Maya Coykendall (MSW’24), research fellow in the Health Equity Research Lab at the Center for Innovation in Social Work and Health (CISWH) at BU School of Social Work (BUSSW) recently spoke at “Using Ethnography and Storytelling to Shape Practice” at Economic Mobility Pathways (EMPath)’s 2026 Disrupting Poverty Conference. The conference gathered health and human services practitioners, policymakers, and other stakeholders to discuss strategies for improving economic mobility.
Coykendall introduced speakers Cecilia Ballí, founder and principal of Culture Concepts LLC, and Gamuchirai Madzima, senior director of EMPath Labs, and moderated their panel to explore the San Antonio GOALS Initiative, a program that examined the outcomes of both financial coaching and cash assistance interventions to address inter-generational poverty.

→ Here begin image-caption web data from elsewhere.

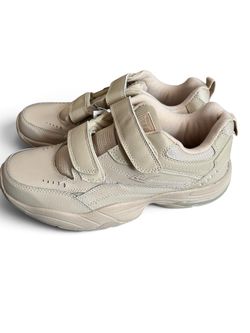 Vintage Everlast Sport Velcro Strap Sneakers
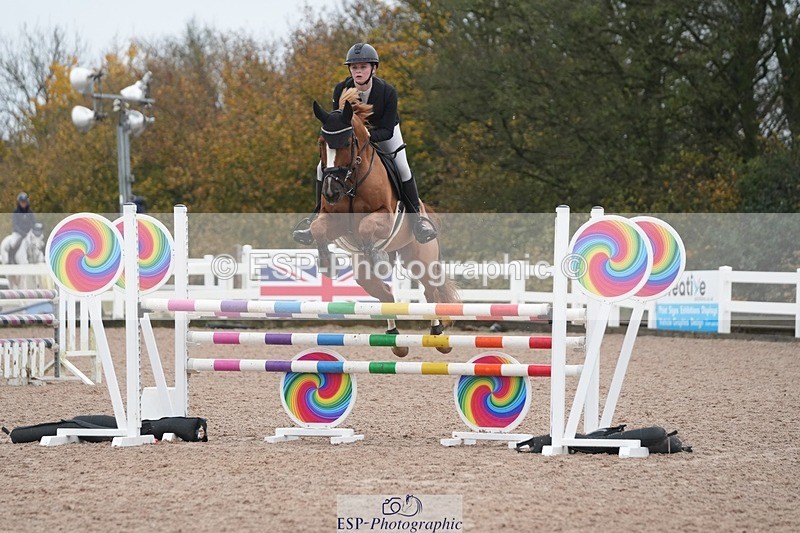 251107-124857-00795 - Cls 5 Newcomers and 1.10m Open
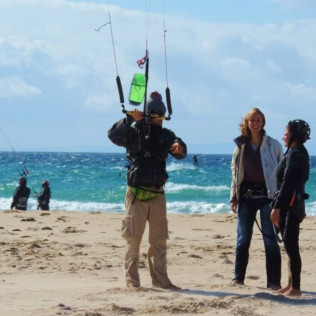 Curso de Kitesurf Semi-Privado para dos (Tarifa, Cádiz)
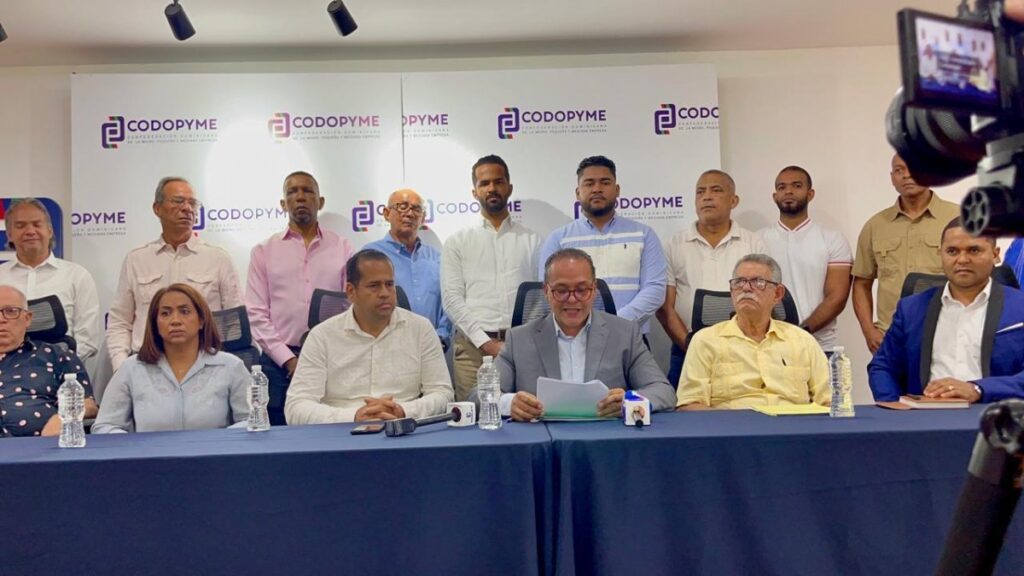 adocalza-garantiza-capacidad-para-producir-casi-600-mil-pares-de-zapatos-escolares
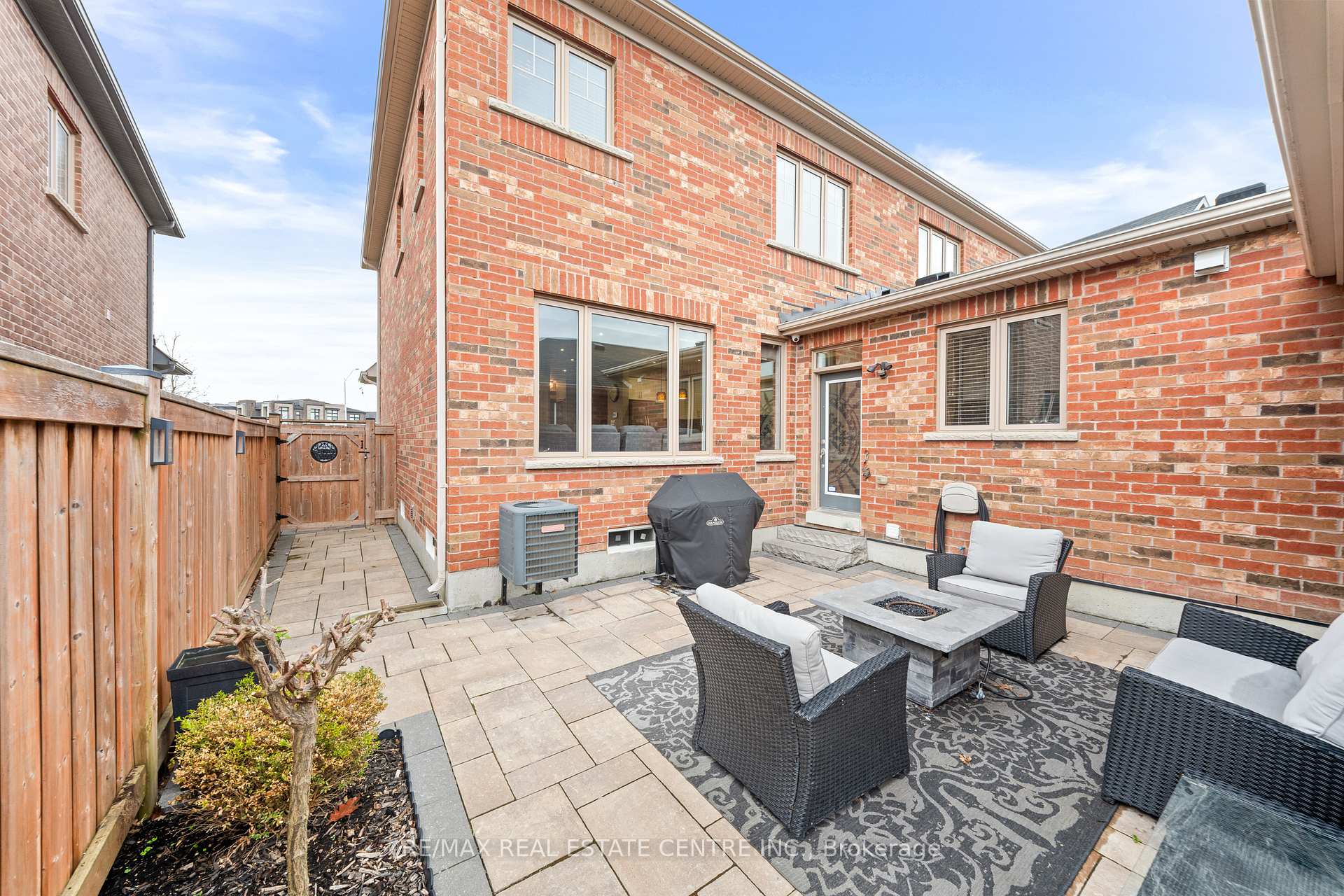 Photo 48 of 244 Moody Drive, Vaughan, Kleinburg — HOMEH
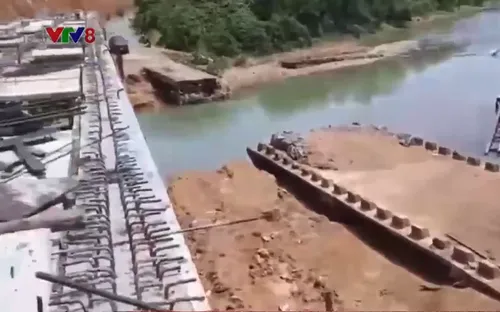 Cầu tạm bị lũ cuốn trôi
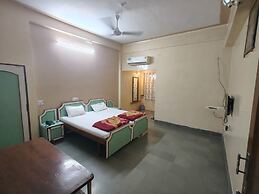 Hotel Shanti Palace By GRB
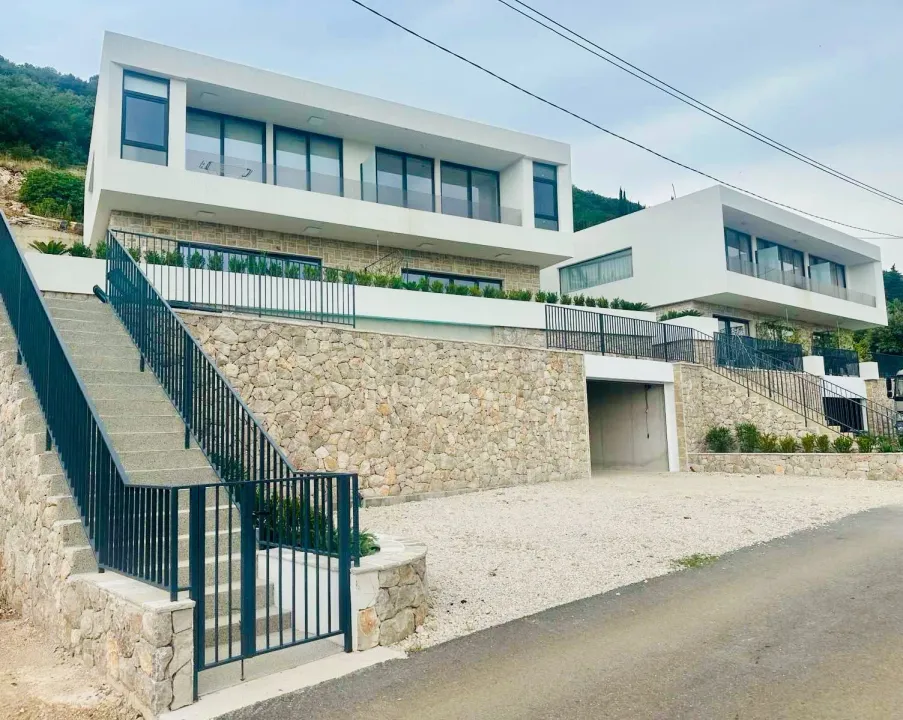 Sale, three bedroom apartment, 128m², Žvinje, Herceg Novi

Drawing on stories from eight women in the GOALS project, the speakers discussed the psychological burden women are conditioned to carry in silence, the role extended family plays in inter-generational poverty, and how immigration status and access to financial support programs can affect an individual’s sense of empowerment when making important life decisions. Participants were invited to explore their own cultural biases towards poverty and discuss the ways in which lived experience and having a space to share stories is essential to designing better systems to address poverty and improve financial mobility among different populations.